These tasks are no longer created since issue_Drequest blocks until it gets the
reply and then processes it. TRQ-1423.
e - When the mom has no jobs, check the aux path to make sure it is clean and
that we aren't leaving any files there. TRQ-1240.
b - Made it so that threads taken up by poll job tasks cannot consume all available
threads in the thread pool. This will make it so other work can continue if
poll jobs get stuck for whatever reason and that the server will recover. TRQ-1433
b - Fix a deadlock when recording alps reservations. TRQ-1421.
b - Fixed a segfault in req_jobobit caused by NULL pointer assignment to variable
pa. TRQ-1467
b - Fixed deadlock in remove_array. remove_array was calling get_arry with allarrays_mutex
locked. TRQ-1466
b - Fixed a problem with an end of file error when running momctl -dx. TRQ-1432.
b - Fix a deadlock in rare cases on job insertion. TRQ-1472.
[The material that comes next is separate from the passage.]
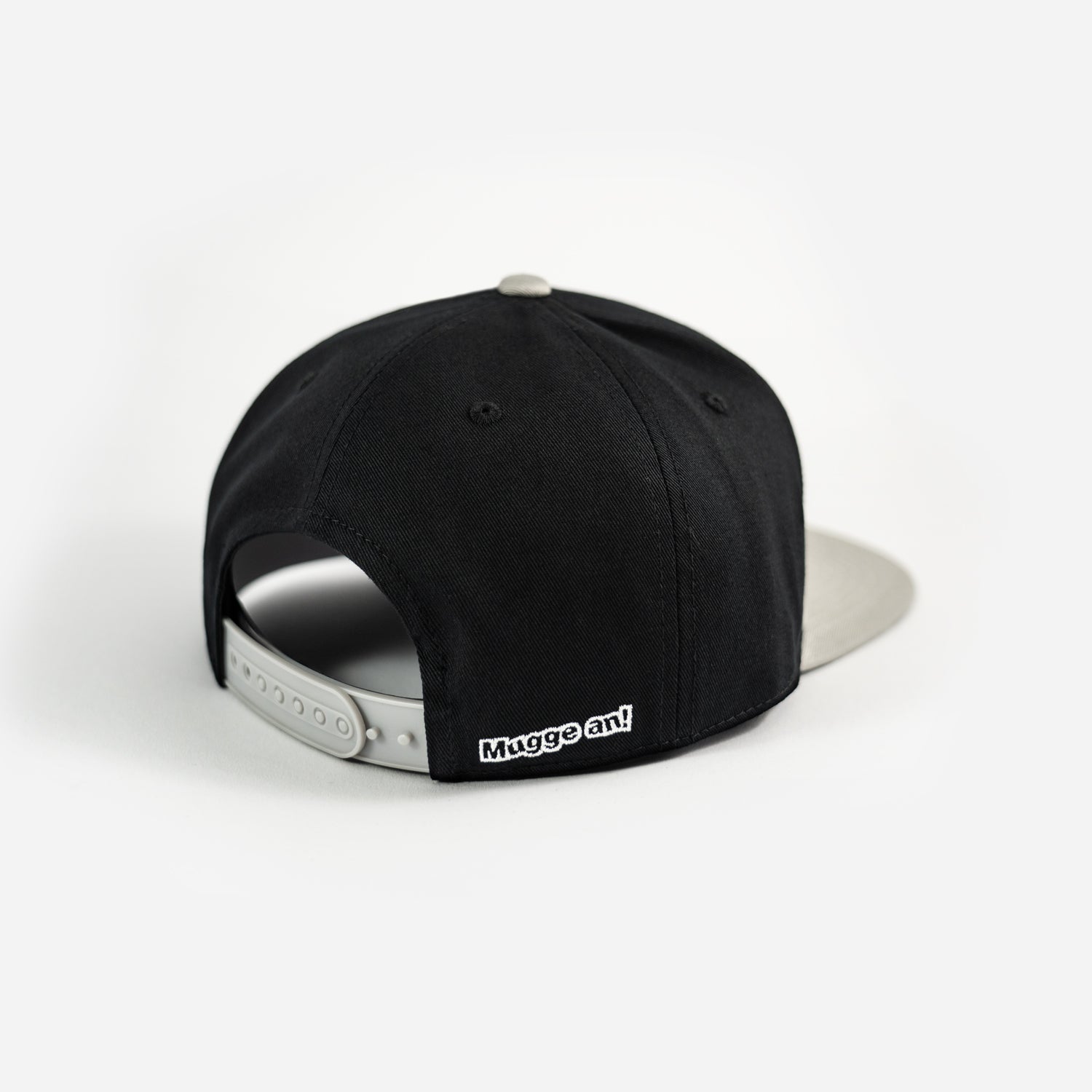Rückansicht Basekid Snapback Pittiplatsch Musik "Mugge an!"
b - Fix a deadlock after restarting pbs_server when it was SIGKILL'd before a
job array was done cloning. TRQ-1474.
b - Fix a Cray-related deadlock. Always lock the reporter mom before a compute
node. TRQ-1445
b - Additional fix for TRQ-1472. In rm_request on the mom pbs_tcp_timeout was
getting set to 0 which made it so the MOM would fail reading incoming data
if it had not already arrived. This would cause momctl -to fail with an
end of file message.
e - Add a safety net to resend any obits for exiting jobs on the mom that still
haven't cleaned up after five minutes. TRQ-1458.
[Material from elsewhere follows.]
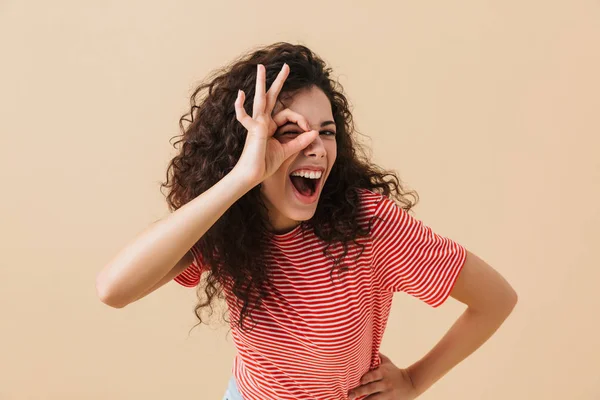 Foto Feliz Jovem Emocional Isolado Sobre Fundo Parede Bege Mostrando — Fotografia de Stock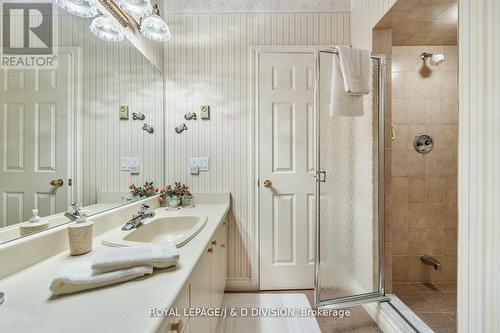 24 Mcglashan Court, Toronto, ON - Indoor Photo Showing Bathroom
b - Fix cray running jobs being cancelled after a restart due to jobs not being
set to the login nodes. TRQ-1482.
b - Fix a bug that using -V got rid of -v. TRQ-1457.
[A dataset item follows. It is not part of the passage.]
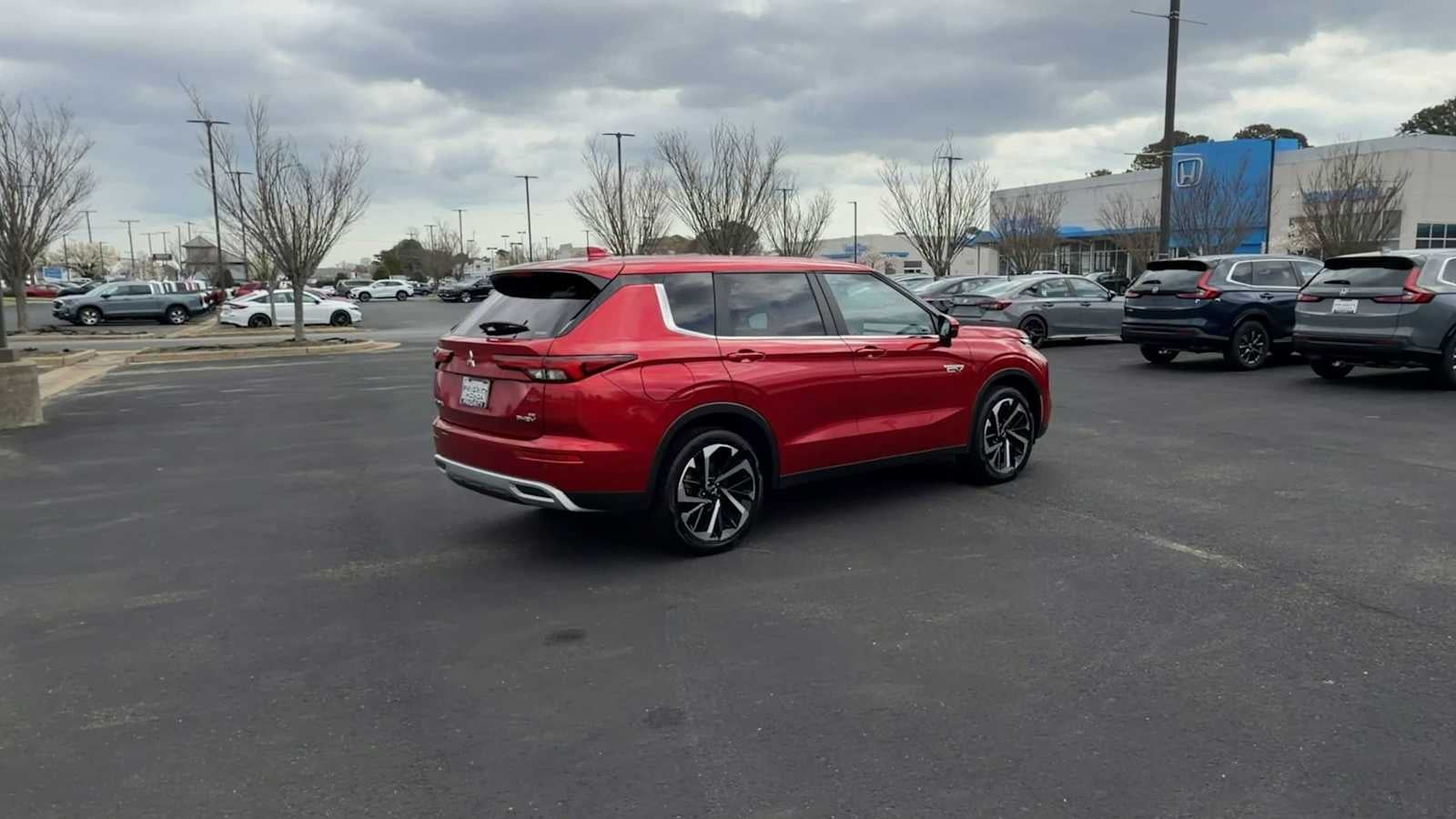 2024 Mitsubishi Outlander Plug-In Hybrid SE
b - Make qsub -I -x work again. TRQ-1483.
c - Fix a potential crash when getting the status of a login node in cray mode.
TRQ-1491.
4.1.3
b - fix a security loophole that potentially allowed an interactive job to run
as root due to not resetting a value when $attempt_to_make_dir and $tmpdir
are set. TRQ-1078.
b - fix down_on_error for the server. TRQ-1074.
b - prevent pbs_server from spinning in select due to sockets in CLOSE_WAIT.
TRQ-1161.
e - Have pbs_server save the queues each time before exiting so that legacy
formats are converted to xml after upgrading. TRQ-1120.
b - Fix phantom jobs being left on the pbs_moms and blocking jobs for Cray
hardware. TRQ-1162. (Thanks Matt Ezell)
b - Fix a race condition on free'd memory when check for orphaned alps
reservations. TRQ-1181. (Thanks Matt Ezell)
b - If interrupted when reading the terminal type for an interactive job continue
trying to read instead of giving up. TRQ-1091.
b - Fix displaying elapsed time for a job. TRQ-1133.
b - Make offlining nodes persistent after shutting down. TRQ-1087.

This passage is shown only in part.